Read After the Tall Timber Online
Authors: RENATA ADLER
In his fine biography of Jack Dempsey, Roger Kahn writes that, in looking at a video of the second Dempsey-Tunney fight, with its famous “long count,” “I am looking at a crooked referee.” Perhaps. Perhaps not, or not just the referee. Kahn, like most other experts on boxing history, writes that Al Capone was very eager to back Dempsey in that fight but that Dempsey, man of honor that he was, firmly rebuffed him. Something seems amiss in the underlying logic of this story. Mob bosses approach fighters and (as in the Black Sox scandal, which also took place in Chicago) baseball players not to
win
matches but to lose them. Winning is what the fighters, or the players, want naturally to do, when they are not bribed to do otherwise. Dempsey, of course, did lose. The fight-fixing for which Sirica and others were named in the sealed indictment of 1927 was the Dempsey-Tunney fight. (No referee is mentioned in the sealed indictment.) My source for the information about Sirica’s inclusion in the indictment (for fight-fixing and consequent tax evasion) was the Criminal Investigation Division of the IRS—which published its own historical study for internal use.
In my
Harper’s
piece, I confined myself to matters that virtually sprang off the page of Sirica’s own autobiography, the book I chose not to review.
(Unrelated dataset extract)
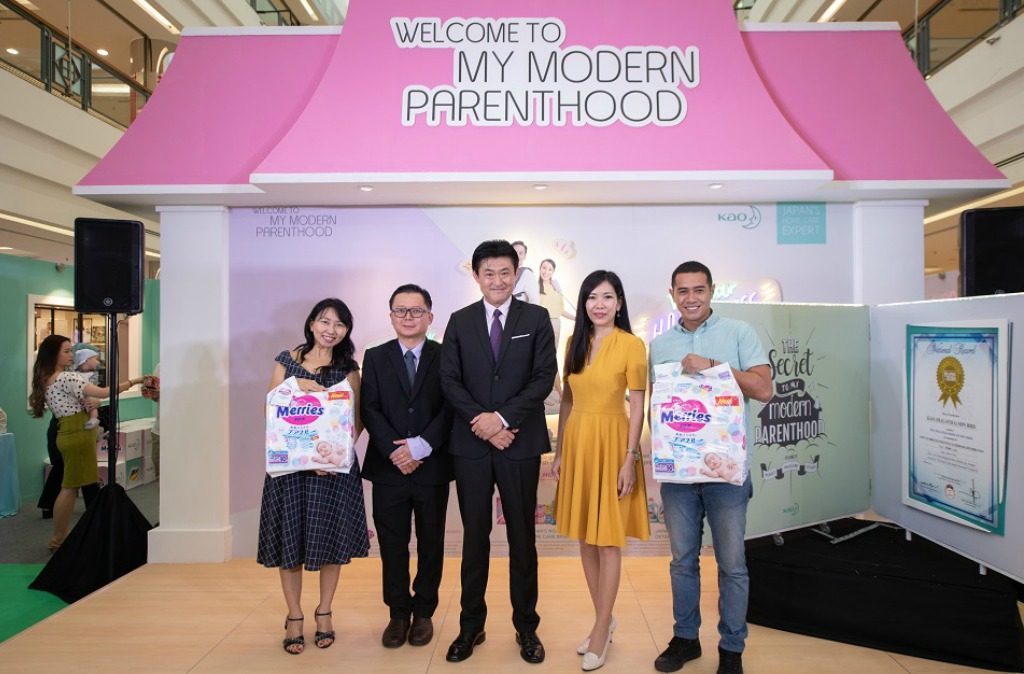 Malaysia’s Breastfeeding Consultant and Parenting Coach, Gina Yong (far left) and Amar Asyraf (far right) receiving the token of appreciation from KAO Malaysia along with Fujiwara Masaki (centre), Tan Poh Ling, and Ngo Wei Foo.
It was not my intention to address anything more sensational than the literal meaning of a few words on page 125 of my own book. Suddenly, these heroic defenders of reputation (not the reputation, perhaps, of a single scientist, like Wen Ho Lee, in solitary and in shackles, on the basis largely of their institution’s coverage) emerged, one after another, as though there were an honor roll: ten within the
Times
alone, to be followed by hundreds more. It was as though the press, self-important and self-righteous as it is, seems entirely unconscious of its own weight against any single, let alone dissenting, individual, or of its own role in the events it claims to cover. I thought this a more interesting and more important subject, than the details of Sirica’s status. In view of the astonishing aftermath of the piece itself, however, just for the record, a bit more about what any genuine biography of Judge Sirica would include.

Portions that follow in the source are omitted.